-- DATA FOR REVIEW follows --

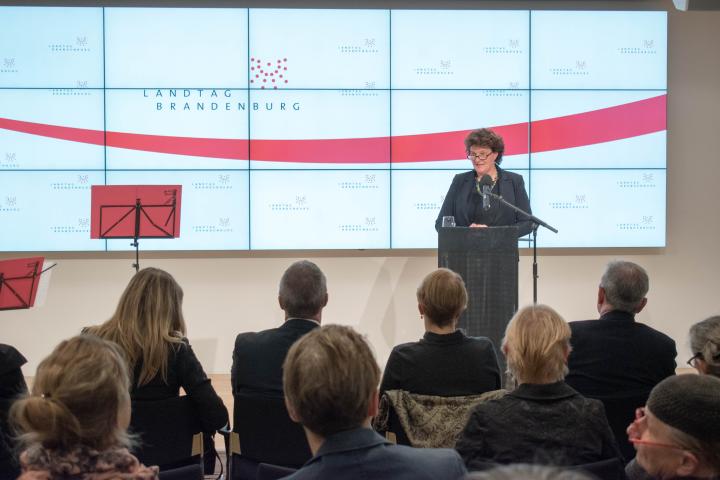 Landtagspräsidentin Britta Stark begrüßt zur Ausstellungseröffnung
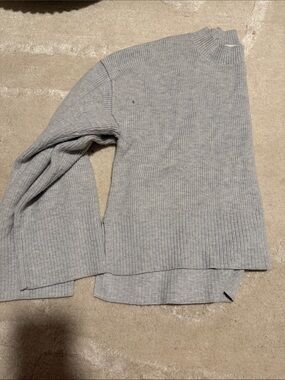 Pink Rose Light Gray Ribbed Crew Neck Sweater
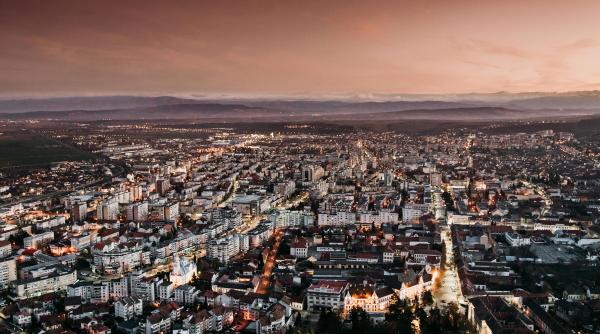 de ce ne viziteaza tara bulgarii si grecii iarna suntem mai buni decat voi dar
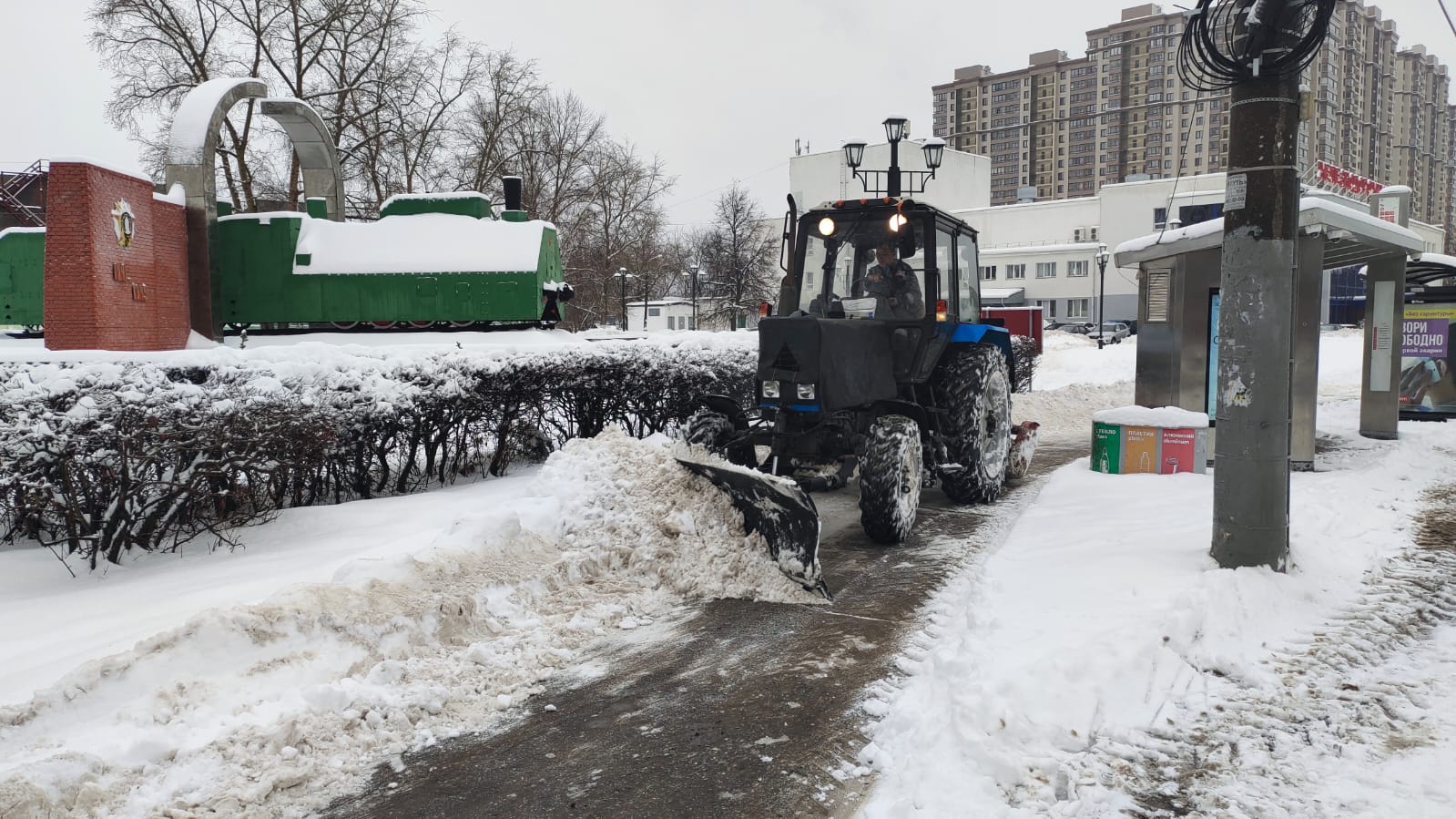 Более 15 тысяч кубометров снега вывезли с дорог Нижнего Новгорода за  минувшие сутки - Официальный сайт администрации города Нижнего Новгорода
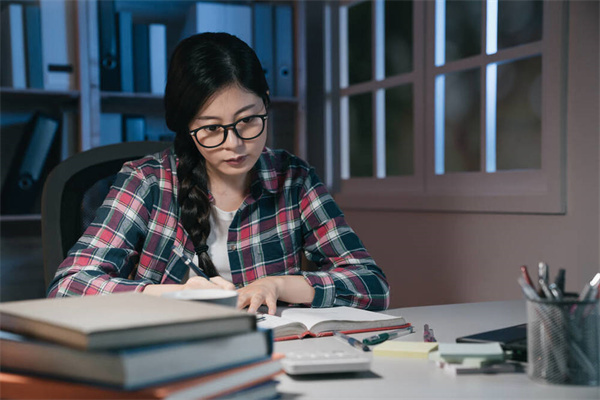 內(nèi)江第一職業(yè)中學(xué)招生辦聯(lián)系電話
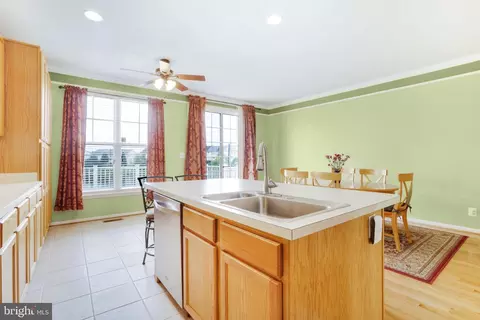 Kitchen - 9013 Ribbon Falls Loop, Bristow, VA 20136 photo 2 of 4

-- DATA FOR REVIEW concluded --

ABOUT THIS EXERCISE »
Transcribe exactly, and only, the lines from the one with "內(nèi)江第一職業(yè)中學(xué)招生辦聯(lián)系電話" through the final line of the data above. The pictures stay out.

ANSWER TO THE PROBLEM »
 內(nèi)江第一職業(yè)中學(xué)招生辦聯(lián)系電話
 Kitchen - 9013 Ribbon Falls Loop, Bristow, VA 20136 photo 2 of 4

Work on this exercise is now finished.